Na nagraniach z wydarzenia widać, jak uczestniczący w nim posłowie Konfederacji stoją przy transparencie mającym przypominać bramę do niemieckiego obozu Auschwitz. Napis „Arbeit macht frei” (praca czyni wolnym) zastąpiono napisem „Szczepienie czyni wolnym”.

Pytany o ten protest w Radiu Zet, rzecznik rządu ocenił go jako „coś skandalicznego”. – To jest coś, co w debacie publicznej nie powinno mieć absolutnie miejsca. Jestem zszokowany tym, że osoby, które chlubią się często tym, że są znawcami historii Polski, chociażby XX w., mogą pod takim transparentem stanąć – grzmiał.

Na pytanie, czy mówi o Grzegorzu Braunie, Müller odparł: „Mówię między innym o Grzegorzu Braunie”.

– Mówię o wszystkich, którzy tam stali i mieli świadomość tego, pod jakim transparentem stoją. W kraju, który był dotknięty z jednej strony radzieckim, a z drugiej strony niemieckim okupantem, to nie powinno mieć miejsca. Po prostu wstyd mi za to, że polski parlamentarzysta mógł stanąć pod takim transparentem – powiedział rzecznik rządu warszawskiego.

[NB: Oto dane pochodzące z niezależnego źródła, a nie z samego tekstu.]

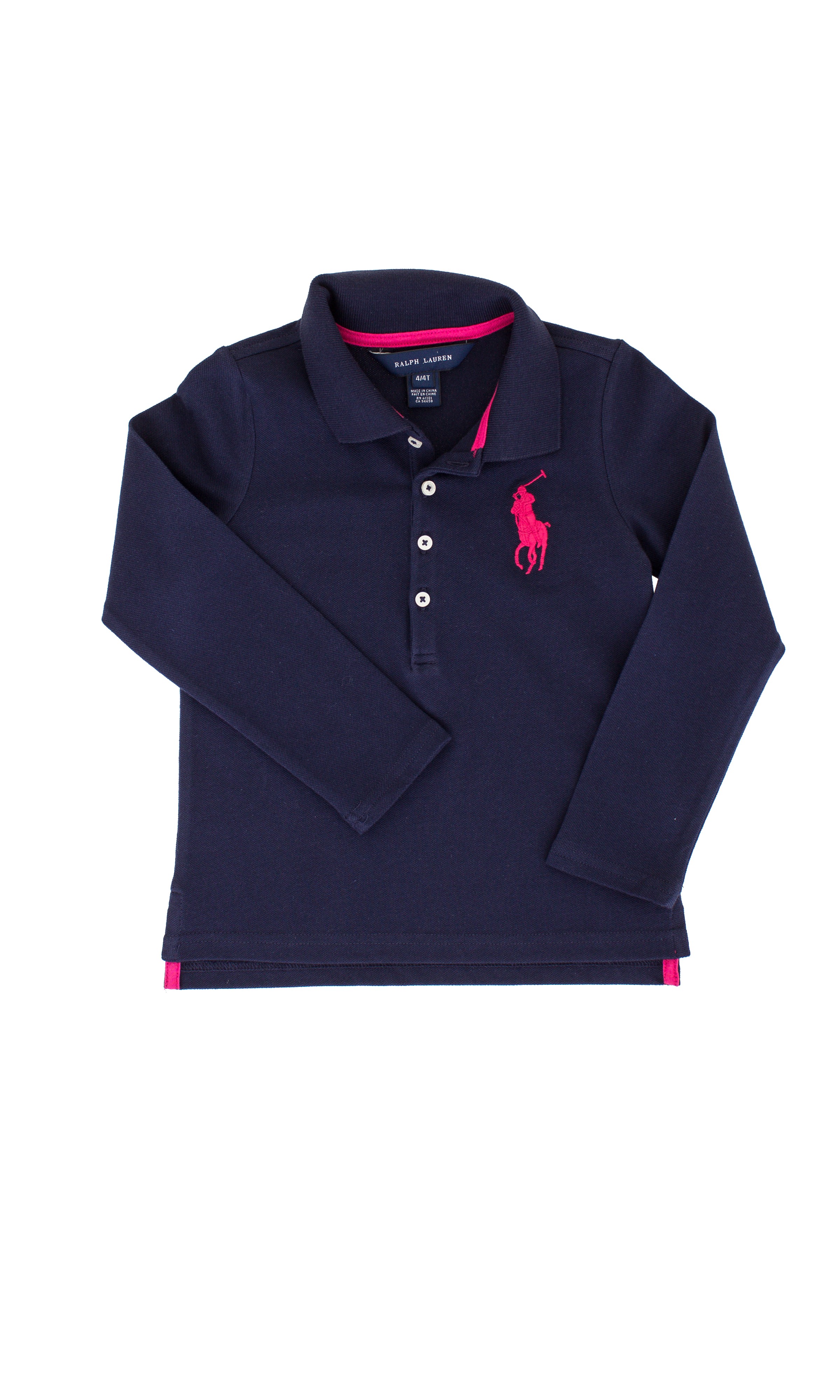 black polo shirt with pink horse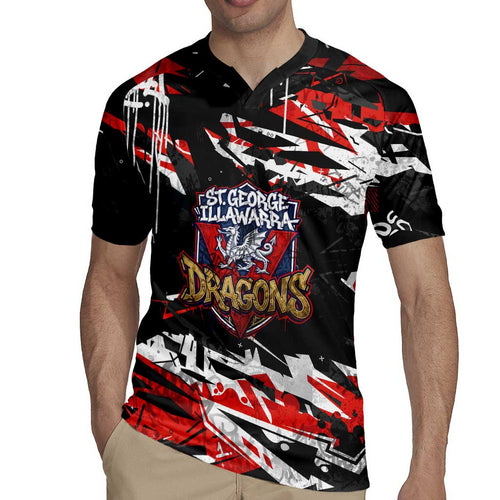 Personalized St. George Illawarra Dragons Rugby Jersey Graffiti Grunge Abstract Urban Street Style Design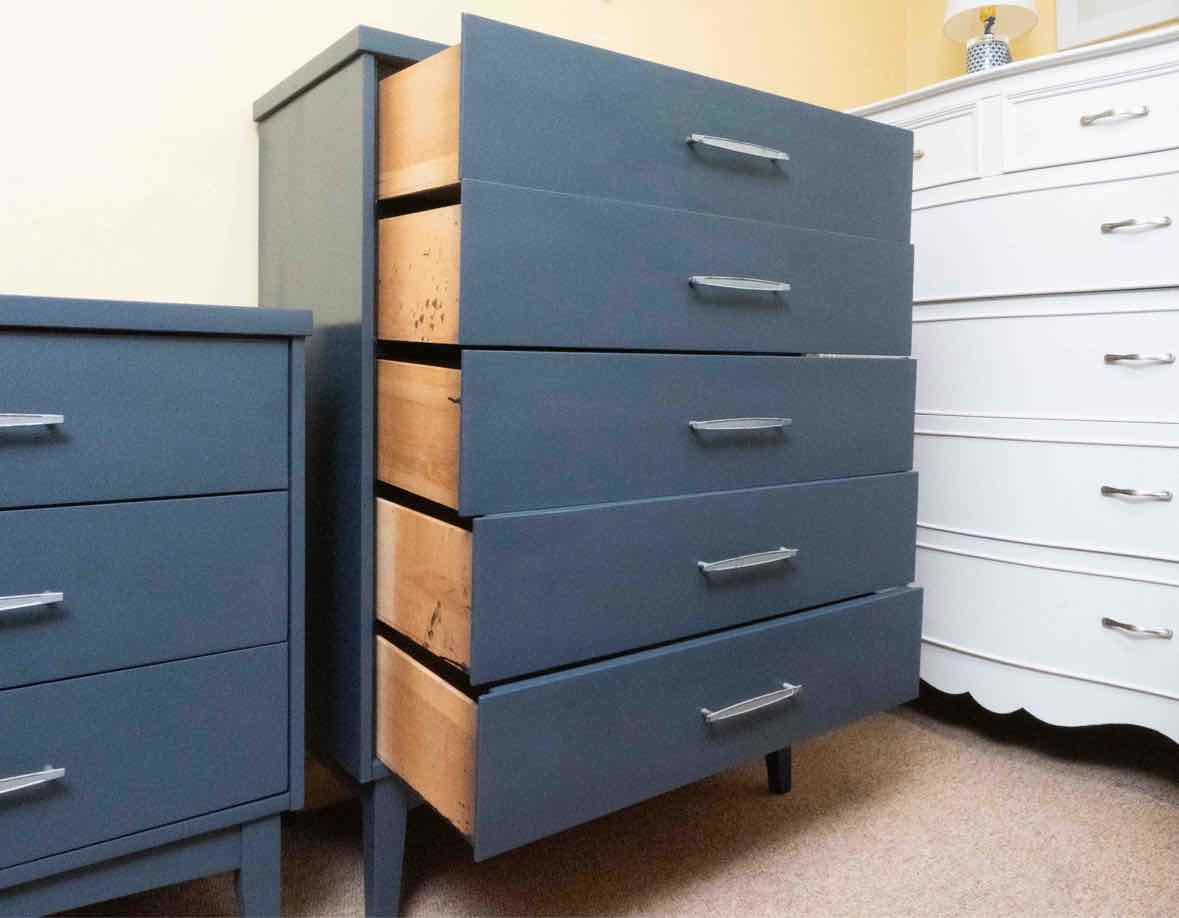 Hudson Bay Blue Finish MCM Style 5 Drawer Chest
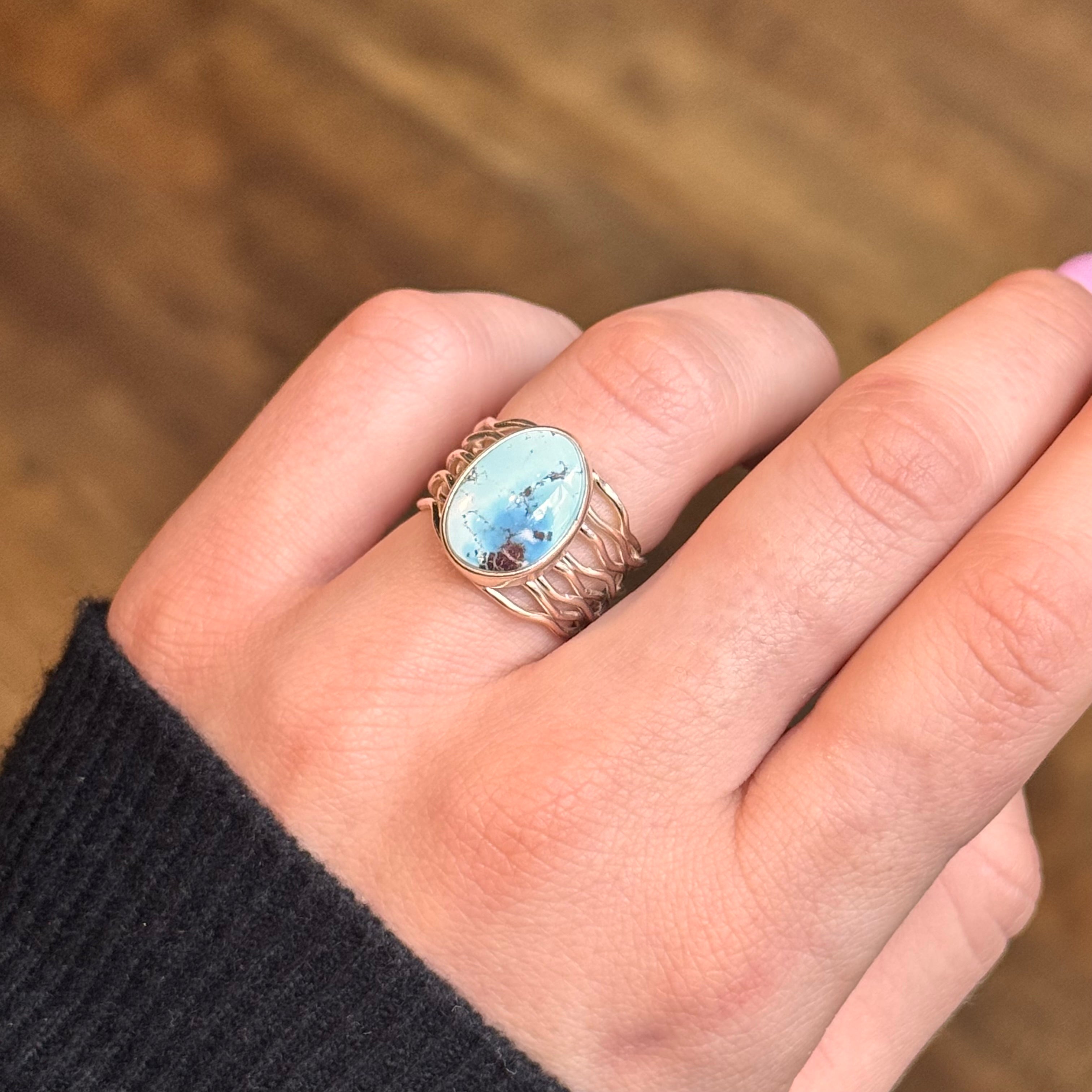 Golden Hills Turquoise Woven Band Ring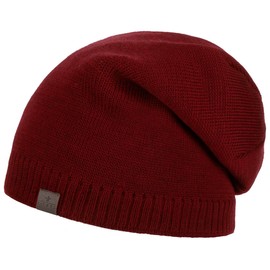 LIERYS Fine Merino Oversize Beanie Men - Knitted Hat Lined in One Size - 100% Merino Wool - Made in Germany - Hat with Cotton Lining - Men's Hat Autumn/Winter, bordeaux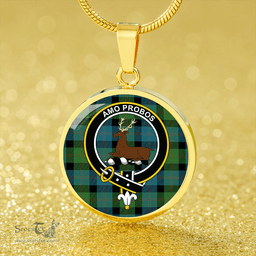 Scottish Blair Ancient Clan Tartan Circle Necklace - Crest Classic Scottish Plaid Tartan Plaid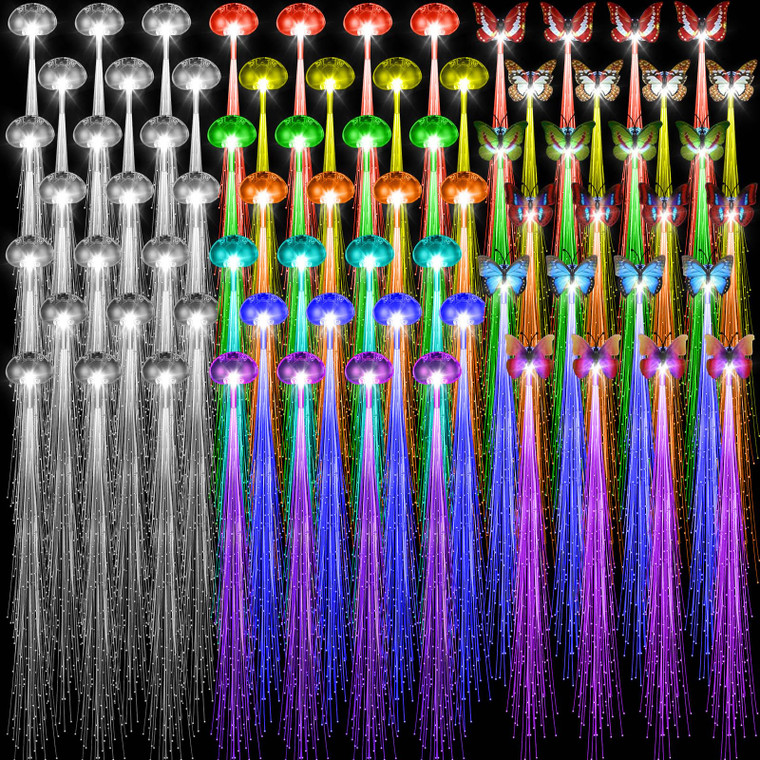 60 Pcs Halloween Light up Hair Accessories LED Hair Clips Fiber Optic LED Hair Barrettes Bar Dancing Hairpin Multicolor Flash Barrettes Braid Extensi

W rozmowie z Programem I PR do sprawy odniosła się też poseł PiS Joanna Lichocka.

– To jest oburzające i haniebne, że można się bawić tragedią i śmiercią milionów ludzi – oburzała się Lichocka. Jak dodała, „jest to przekroczeniem wszelkich granic”. Przypomniała również, że „do tej pory była w polskiej debacie publicznej pewnego rodzaju zasada, że się nie używa pamięci milionów zamordowanych w obozach koncentracyjnych ludzi do politycznej zabawy”.

Lichocka wyjaśniła, że „oni zrobili to po to, abyśmy właśnie o tym teraz mówili, żeby było to szeroko komentowane”. Zauważyła, że w ten sposób chcą nagłośnić „swoją bardzo uderzającą w zdrowie i życie Polaków akcję polityczną” – czyli sprzeciw wobec segregacji sanitarnej, m.in. według projektu Hoca, pod którym Lichocka się podpisała.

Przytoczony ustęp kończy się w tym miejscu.